The BBC reported that on 10 December, Davis said, “Guarantees on the Northern Ireland border were not legally binding unless the two sides reached a final deal.”

That will not be anytime soon, Barrett said.

“Delays in crossing the border is something that must be avoided,” he said. “No one likes delays, and that would hit goods probably more than people.”

Uncertainty
Barrett said even though some of the largest Irish hotel companies, such as Dalata, initially put expansion plans in the U.K. on hold following the Brexit vote, they have not restarted them.

“The world goes on; business goes on,” Barrett said. “The whole situation delays investment. The biggest question is whether this all makes it more difficult to travel.”

But Barrett said there’s still reason for optimism, such as the continued pace of transactions.

“A lot of these things get sorted out in a rational environment, and we will all get through it,” he said. “I am still seeing investment in Ireland from the U.K., and the Irish are buying in the U.K.”

Barrett added that Savills helped sell a Republic of Ireland hotel close to the border in June, which originally was put on the market prior to the Brexit vote with a guide price of €25 million ($29.6 million) and sold after the vote for between €27 million ($32 million) and €28 million ($33.2 million).

“That sale was down to currency,” Barrett said.

According to data from STR, the parent company of Hotel News Now, in year-to-date numbers through October 2017, both Northern Ireland and regional Ireland saw year-over-year performance growth.

Regional Ireland saw occupancy grow 3% to 74.2%, average daily rate rose 5.6% to €109.43 ($129.59) and revenue per available room increased 8.8% to €81.16 ($96.11). Northern Ireland reported occupancy rose 3.5% to 79.2%, average daily rate increased 12.2% to £78.31 ($104.82) and RevPAR jumped 16.1% to £62.03 ($83.03)

But for the time being, hoteliers would be prudent to be cautious, sources said.

“F&B is struggling at the moment,” Coburn said. “Suppliers have been since day one, and products have been discontinued. The extra cost hits us, and, of course, we have to decide whether to put them on the guest. It is a worrying trend at the moment.”

Coburn’s team has seen improvement in markets such as France, Germany, Austria, Italy and the U.S.

“All of Ireland is now far more on the map, but demand from rural Ireland—that is a different concept. It is difficult to change mindsets,” he said about trying to encourage local communities to come to hotels for F&B and leisure trips.
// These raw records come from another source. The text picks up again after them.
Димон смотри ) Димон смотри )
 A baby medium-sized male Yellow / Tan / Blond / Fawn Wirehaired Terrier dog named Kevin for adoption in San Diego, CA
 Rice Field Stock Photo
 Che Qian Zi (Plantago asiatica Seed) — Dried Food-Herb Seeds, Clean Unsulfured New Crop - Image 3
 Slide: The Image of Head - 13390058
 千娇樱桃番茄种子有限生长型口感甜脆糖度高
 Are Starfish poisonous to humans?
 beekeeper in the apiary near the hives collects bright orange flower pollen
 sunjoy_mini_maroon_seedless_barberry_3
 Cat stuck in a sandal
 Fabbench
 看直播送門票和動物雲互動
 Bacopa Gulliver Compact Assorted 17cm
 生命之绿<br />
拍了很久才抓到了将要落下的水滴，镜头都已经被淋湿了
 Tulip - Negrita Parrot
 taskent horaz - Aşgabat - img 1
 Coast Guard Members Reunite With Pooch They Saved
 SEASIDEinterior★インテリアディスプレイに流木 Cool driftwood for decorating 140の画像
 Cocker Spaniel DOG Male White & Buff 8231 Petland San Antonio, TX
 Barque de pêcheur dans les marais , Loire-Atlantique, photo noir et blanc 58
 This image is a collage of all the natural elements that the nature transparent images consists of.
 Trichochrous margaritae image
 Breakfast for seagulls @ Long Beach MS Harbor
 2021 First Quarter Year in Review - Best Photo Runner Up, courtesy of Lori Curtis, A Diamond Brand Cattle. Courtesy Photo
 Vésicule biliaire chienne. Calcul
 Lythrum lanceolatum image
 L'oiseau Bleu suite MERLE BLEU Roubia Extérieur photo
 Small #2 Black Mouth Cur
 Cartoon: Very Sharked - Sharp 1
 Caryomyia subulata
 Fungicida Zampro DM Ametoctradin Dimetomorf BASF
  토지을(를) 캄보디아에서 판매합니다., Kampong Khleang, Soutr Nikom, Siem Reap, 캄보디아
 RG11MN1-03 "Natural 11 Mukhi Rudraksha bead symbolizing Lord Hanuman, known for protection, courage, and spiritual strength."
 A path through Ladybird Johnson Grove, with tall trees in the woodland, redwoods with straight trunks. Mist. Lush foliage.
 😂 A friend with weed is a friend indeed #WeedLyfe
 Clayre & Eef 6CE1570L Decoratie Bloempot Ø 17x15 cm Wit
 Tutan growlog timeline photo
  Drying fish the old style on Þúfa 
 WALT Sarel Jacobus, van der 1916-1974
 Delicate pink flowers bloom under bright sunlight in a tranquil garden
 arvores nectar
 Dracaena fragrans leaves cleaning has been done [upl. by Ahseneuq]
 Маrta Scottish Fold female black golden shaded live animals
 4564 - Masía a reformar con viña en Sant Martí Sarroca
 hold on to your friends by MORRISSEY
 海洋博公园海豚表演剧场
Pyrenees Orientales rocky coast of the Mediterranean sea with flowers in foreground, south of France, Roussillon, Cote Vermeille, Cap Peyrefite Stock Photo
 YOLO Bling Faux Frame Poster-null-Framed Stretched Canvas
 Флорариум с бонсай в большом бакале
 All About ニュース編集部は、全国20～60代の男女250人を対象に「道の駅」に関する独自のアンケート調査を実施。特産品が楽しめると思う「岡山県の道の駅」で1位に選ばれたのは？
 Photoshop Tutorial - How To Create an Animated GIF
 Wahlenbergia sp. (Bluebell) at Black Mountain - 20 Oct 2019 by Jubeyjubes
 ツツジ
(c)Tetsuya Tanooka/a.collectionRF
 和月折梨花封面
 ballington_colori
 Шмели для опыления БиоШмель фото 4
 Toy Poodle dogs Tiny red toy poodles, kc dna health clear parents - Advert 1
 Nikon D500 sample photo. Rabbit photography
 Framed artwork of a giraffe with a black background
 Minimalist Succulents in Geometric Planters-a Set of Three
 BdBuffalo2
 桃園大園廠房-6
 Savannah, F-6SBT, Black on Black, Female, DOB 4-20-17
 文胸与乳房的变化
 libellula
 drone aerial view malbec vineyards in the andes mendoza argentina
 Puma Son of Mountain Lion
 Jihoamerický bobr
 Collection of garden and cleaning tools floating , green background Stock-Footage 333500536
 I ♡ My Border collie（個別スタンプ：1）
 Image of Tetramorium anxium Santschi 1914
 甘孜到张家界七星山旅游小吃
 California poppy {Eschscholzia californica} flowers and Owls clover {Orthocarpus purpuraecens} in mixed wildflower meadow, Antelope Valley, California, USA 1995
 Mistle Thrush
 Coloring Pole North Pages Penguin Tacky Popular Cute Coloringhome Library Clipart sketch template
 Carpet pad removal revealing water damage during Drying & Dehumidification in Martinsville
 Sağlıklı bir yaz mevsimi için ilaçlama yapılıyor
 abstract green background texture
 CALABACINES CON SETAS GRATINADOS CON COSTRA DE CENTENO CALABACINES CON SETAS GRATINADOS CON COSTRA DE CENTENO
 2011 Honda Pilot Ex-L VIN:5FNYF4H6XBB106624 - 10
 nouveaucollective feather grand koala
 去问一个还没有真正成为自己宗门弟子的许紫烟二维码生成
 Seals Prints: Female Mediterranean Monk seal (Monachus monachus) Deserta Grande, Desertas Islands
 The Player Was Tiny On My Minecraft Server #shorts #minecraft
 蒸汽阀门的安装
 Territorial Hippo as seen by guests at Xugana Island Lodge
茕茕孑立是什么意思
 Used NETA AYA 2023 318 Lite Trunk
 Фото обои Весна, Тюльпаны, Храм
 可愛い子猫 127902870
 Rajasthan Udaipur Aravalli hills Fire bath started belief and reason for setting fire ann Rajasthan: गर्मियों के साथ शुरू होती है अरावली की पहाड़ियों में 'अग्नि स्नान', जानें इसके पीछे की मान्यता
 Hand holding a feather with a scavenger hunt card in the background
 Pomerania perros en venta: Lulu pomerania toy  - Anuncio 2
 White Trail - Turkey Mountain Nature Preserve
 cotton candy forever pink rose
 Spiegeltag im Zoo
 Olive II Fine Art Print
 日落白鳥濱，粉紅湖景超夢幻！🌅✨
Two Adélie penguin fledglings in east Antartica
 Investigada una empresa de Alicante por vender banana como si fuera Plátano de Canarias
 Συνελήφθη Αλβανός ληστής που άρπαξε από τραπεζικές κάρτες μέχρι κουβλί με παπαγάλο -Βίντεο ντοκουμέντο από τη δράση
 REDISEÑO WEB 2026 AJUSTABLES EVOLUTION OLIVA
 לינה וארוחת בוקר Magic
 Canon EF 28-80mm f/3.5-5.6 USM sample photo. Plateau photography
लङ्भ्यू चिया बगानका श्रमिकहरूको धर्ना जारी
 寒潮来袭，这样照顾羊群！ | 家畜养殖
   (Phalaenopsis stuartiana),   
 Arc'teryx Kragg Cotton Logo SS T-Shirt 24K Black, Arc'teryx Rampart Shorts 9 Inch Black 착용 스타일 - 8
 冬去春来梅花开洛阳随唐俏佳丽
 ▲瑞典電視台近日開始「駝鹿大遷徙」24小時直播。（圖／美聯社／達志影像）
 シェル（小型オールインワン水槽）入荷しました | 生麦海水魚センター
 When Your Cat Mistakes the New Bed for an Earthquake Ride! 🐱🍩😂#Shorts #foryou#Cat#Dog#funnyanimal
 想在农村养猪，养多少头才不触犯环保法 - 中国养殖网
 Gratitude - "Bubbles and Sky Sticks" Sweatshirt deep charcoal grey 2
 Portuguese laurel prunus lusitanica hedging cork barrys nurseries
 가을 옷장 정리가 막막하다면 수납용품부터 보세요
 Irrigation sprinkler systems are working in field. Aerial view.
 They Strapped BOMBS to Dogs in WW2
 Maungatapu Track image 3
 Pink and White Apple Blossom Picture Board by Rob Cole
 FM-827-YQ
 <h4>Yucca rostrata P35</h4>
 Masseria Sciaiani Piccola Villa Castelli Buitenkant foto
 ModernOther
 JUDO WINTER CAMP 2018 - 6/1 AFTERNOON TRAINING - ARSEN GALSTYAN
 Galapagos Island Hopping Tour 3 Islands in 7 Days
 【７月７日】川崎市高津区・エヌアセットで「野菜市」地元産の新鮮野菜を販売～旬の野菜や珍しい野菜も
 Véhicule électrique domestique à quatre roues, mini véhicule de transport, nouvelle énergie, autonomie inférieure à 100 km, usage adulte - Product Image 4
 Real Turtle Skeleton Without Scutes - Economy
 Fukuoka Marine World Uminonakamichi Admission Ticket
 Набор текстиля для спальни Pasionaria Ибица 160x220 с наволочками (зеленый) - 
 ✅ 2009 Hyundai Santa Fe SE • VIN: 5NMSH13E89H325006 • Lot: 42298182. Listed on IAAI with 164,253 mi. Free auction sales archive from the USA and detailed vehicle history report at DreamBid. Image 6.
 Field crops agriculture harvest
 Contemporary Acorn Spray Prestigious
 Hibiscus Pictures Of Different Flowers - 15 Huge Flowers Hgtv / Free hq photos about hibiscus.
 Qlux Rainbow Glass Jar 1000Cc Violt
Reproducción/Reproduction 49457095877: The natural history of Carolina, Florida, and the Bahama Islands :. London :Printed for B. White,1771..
Coburn’s hotel has two sister properties, the 59-room Four Seasons Hotel & Leisure Club in Monaghan, and the Imperial, also in Dundalk, which was purchased recently and is undergoing renovation. All three are close to the border.

A new shining star
Barrett said one new gem in Ireland is the Northern Irish capital, Belfast.

“Belfast now is like Dublin was in the 1990s,” Barrett said. “It is a dynamic economy, and there is a lot of hotel development, and then when you throw the currency at it, Belfast has a very bright future.

“Visitors are 6% to 7% down from the U.K. to Ireland, but overall numbers into Ireland are up. Cheaper flights (in Europe) have helped. (This year) has been good in Ireland generally. There is only so much (hoteliers) can control, and those along the border will have most concerns initially.”